Modern FarmerPublished at Modern Farmer, December 5, 2014

An olive branch is a universal symbol of peace, but as the decades-long struggle between Israelis and Palestinians continues, it has become yet another source of conflict.

In the West Bank and Gaza, almost half of the arable land is planted with olive trees, from saplings to some that have produced fruit for a thousand years. Nearly 80,000 Palestinian families depend on the annual fall olive harvest for their livelihood. But in recent decades, the conflict in the region, which recently flared up once again, has taken a devastating toll: Israeli settlers and military personnel have cut down, uprooted and burned an estimated 800,000 olive trees since 1967, including approximately 49,000 in just the past five years, according to the UN Office for the Coordination of Humanitarian Affairs.

The Union of Agricultural Work Committees of Palestine (UAWC) wants to turn this dire situation around. Ali Hassouneh, the group’s board chair, believes that the olive groves represent a shared inheritance. “If I have an olive tree that is 1,500 years old, I think: Who planted it? How many thousands of people have eaten from it? The trees are our heritage – my heritage and [the Israelis’], too.” The UAWC, one of the oldest Palestinian NGOs, has worked with farmers in the West Bank and Gaza on water and land access since 1986. It also provides annual support with the olive harvest.

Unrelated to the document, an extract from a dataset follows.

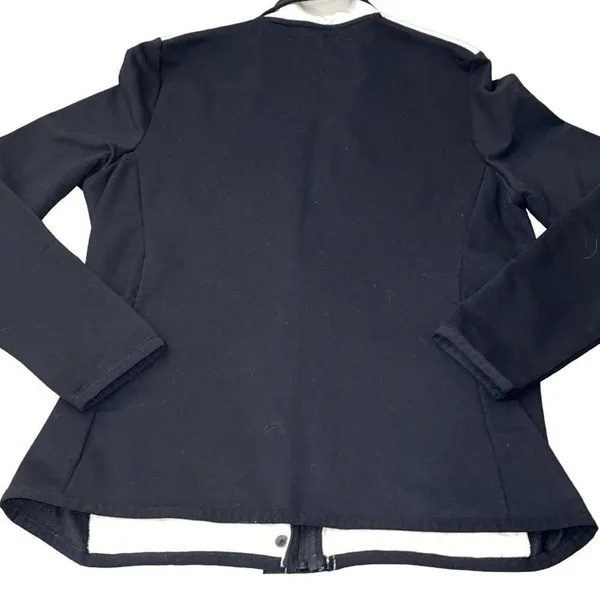 L-RL‎ Ralph Lauren Active Womens Quilted Front Zip Up Jacket Black Cream Medium - Image 2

The walls separating the West Bank and Gaza from Israel cut through many Palestinian farms, separating families from their orchards and grazing lands. Farmers cannot cross the wall regularly to tend their trees and other crops; they must apply for a special permit for the olive harvest. According to the UN, as many as 42 percent of these permit requests have been denied in recent years. Those who do get a permit often face harassment and violence, and they sometimes arrive only to find their trees destroyed.